A ver, a uno que es profesional, o pretende serlo, le dan la oportunidad de
jugar al fútbol y encima pagarle. Porque peor sería laburar, no me
malinterprete, el ser jugador de fútbol también es un laburo bastante digno,
por cierto. Uno tiene que levantarse
temprano para ir a entrenar, hay que resignar días de estar con la familia para
poder concentrar o ir a la pretemporada, hay que hacer sacrificios y evitar los
excesos —aunque cada vez menos lo hacen— como la joda, la noche, el pucho y
miles de cosas más. Es un poco sacrificado, pero peor sería ser, no sé,
remisero u oficinista. O cargar bolsas en el puerto. Nosotros, los futbolistas,
somos unos privilegiados al poder “trabajar” de esto. Por eso —y a mi entender—
tendríamos que ser más justos con los equipos que nos contratan. Las nuevas generaciones se cagan —discúlpeme
la expresión— en la gente de su club. Se van de joda, se dejan estar
físicamente… y lo peor es que les importan tres pepinos los colores que
defienden, todo lo hacen por la plata. Cuando yo jugaba, la cosa no era tan
así. Ojo que le estoy hablando de hace tan solo veinte años atrás, tampoco es
tanto tiempo si uno se pone a pensar, pero todo cambio para mal. Antes para ser
considerado un “mercenario”, mínimo se tenía que pasar a la contra y gritarle
un gol en la cara a su ex equipo. Ahora cualquier pelagatos de no más de 19
años que se va a jugar por plata al exterior ya es un calificado como
mercenario… no es tan así.

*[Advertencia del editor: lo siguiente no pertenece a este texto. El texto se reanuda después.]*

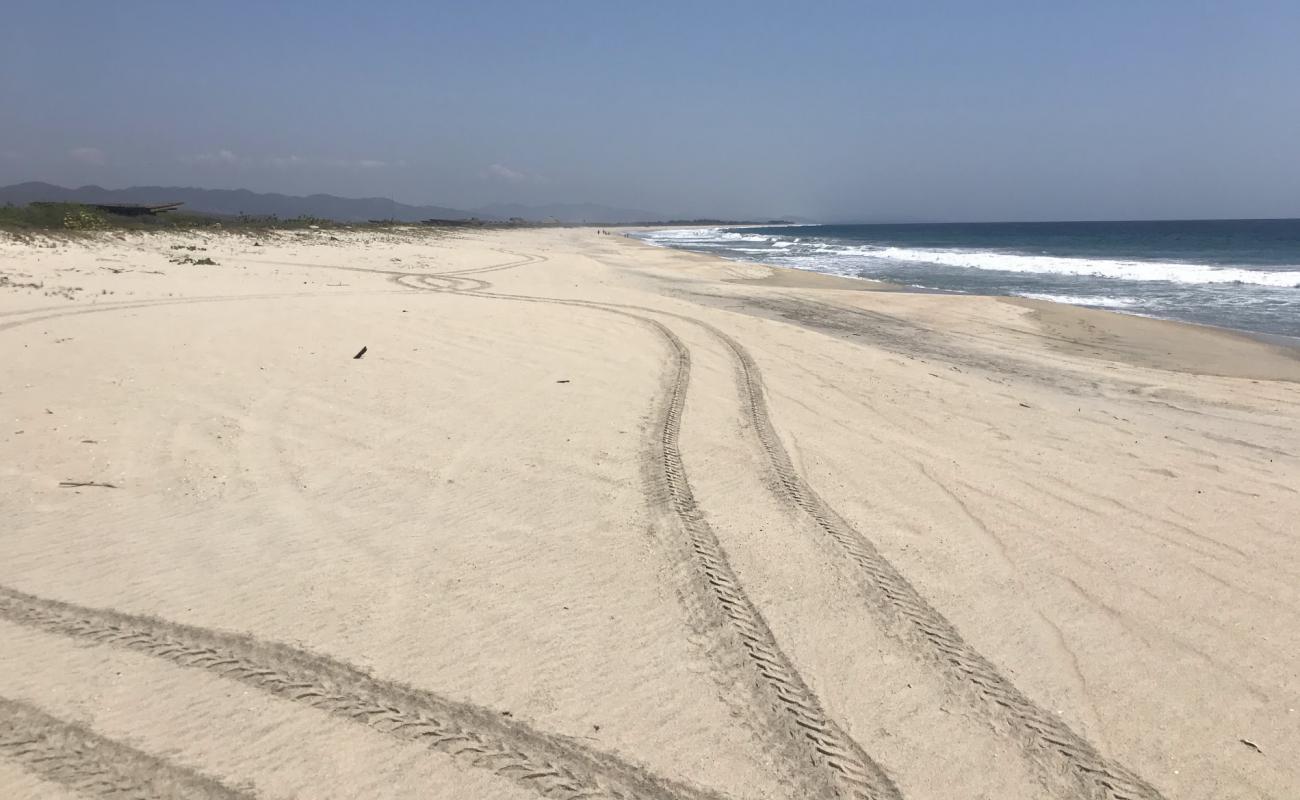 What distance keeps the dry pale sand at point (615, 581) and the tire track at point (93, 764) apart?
1 centimetres

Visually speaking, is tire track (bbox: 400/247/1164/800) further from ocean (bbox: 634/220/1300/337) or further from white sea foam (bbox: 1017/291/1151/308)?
white sea foam (bbox: 1017/291/1151/308)

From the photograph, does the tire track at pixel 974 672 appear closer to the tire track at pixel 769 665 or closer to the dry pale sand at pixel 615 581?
the dry pale sand at pixel 615 581

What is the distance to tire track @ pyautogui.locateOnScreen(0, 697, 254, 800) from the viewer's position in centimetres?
241

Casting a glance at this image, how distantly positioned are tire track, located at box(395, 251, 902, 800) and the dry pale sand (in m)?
0.01

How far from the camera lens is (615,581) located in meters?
3.86

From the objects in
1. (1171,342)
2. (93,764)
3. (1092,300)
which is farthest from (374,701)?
(1092,300)

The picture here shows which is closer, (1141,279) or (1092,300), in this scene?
(1092,300)

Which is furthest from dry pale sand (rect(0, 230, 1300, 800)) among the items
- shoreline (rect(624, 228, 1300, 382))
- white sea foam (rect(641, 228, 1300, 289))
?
white sea foam (rect(641, 228, 1300, 289))

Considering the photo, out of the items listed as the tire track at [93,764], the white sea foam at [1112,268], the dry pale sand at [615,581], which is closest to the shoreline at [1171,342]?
the dry pale sand at [615,581]

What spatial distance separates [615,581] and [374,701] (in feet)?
4.41

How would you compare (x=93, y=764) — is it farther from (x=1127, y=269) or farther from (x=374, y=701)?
(x=1127, y=269)

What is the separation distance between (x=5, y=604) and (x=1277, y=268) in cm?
4222

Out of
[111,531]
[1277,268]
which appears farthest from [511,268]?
[1277,268]

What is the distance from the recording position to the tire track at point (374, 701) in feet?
8.37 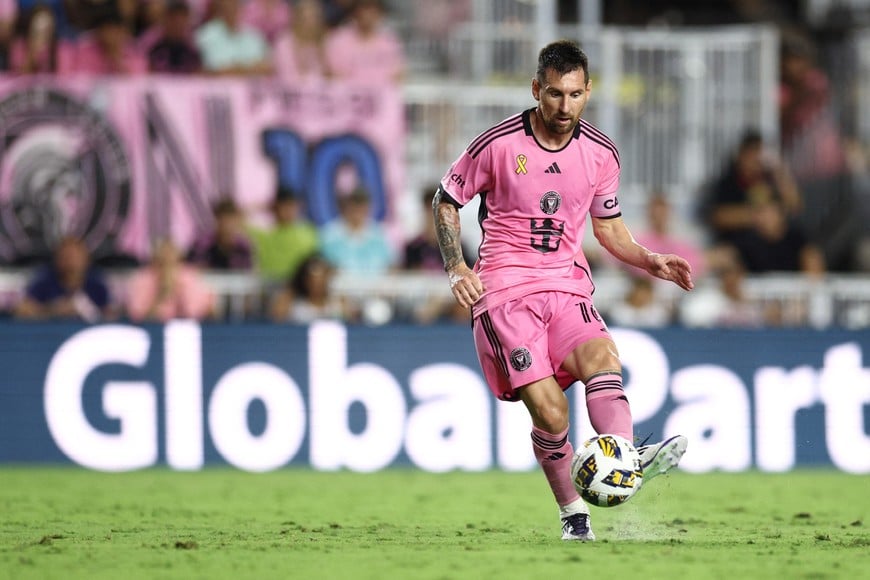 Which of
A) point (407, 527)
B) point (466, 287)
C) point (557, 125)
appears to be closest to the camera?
point (466, 287)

Es más, en mi época yo muy injustamente fui
calificado como tal, usted tal vez conozca mi caso. Digo “tal vez” porque fue
muy conocido en el ascenso. Pero por aquellas épocas lo que pasaba en el
ascenso quedaba allí. Solo conocían los que eran hinchas de los equipos de la
B. “El mercenario de Miguel Alibour” fue el injusto título con el que
bautizaron injustamente los medios partidarios del Club Atlético Buena
Esperanza ¡Y usted puede creer que me quedo ese apodo!
Yo ataje durante casi 21
años, debute a los 19 y me retire a los 40. En el último año de carrera jugué
ese partido cruel en el que me bautizaron de esa manera. Lo triste es que ese
inefable apodo es con el que me
recuerdan. Ningún hincha de ese equipo recuerda como me rompí el lomo —para no
decir otra cosa— para sacarlo campeón de primera ¡Campeón de Primera! Nada más
y nada menos. Nunca nadie defendió esos colores como lo hice yo, viejo. Pero
toda mi carrera se olvidó, todo por un maldito partido. Todo muy injusto. Todo
por un partido en el que demostré toda mi profesionalidad. Por eso hoy le
quiero contar todo bien como fue. Quiero aclarar bien punto por punto. Es
incompresible como un tipo tan
profesional y tan honesto como yo, haya caído bajo la cruel y helada connotación
negativa de esa palabra nefasta.
Usted por ahí es un
futbolero de ley y conoce mi nombre. Miguel Ángel Alibour. Tengo ya 60 pirulos.
Si no me conoce o es un jovencito, use la internet —o el internet— para buscar
mi nombre. En 20 años de carrera salí campeón de primera una vez, me fui al
descenso la misma cantidad de veces y tan solo jugué en dos equipos. Podrá comprobar que no soy tan “mercenario”
como me quisieron pintar. A veces la gente en su afán de “ocultar” o “mitigar”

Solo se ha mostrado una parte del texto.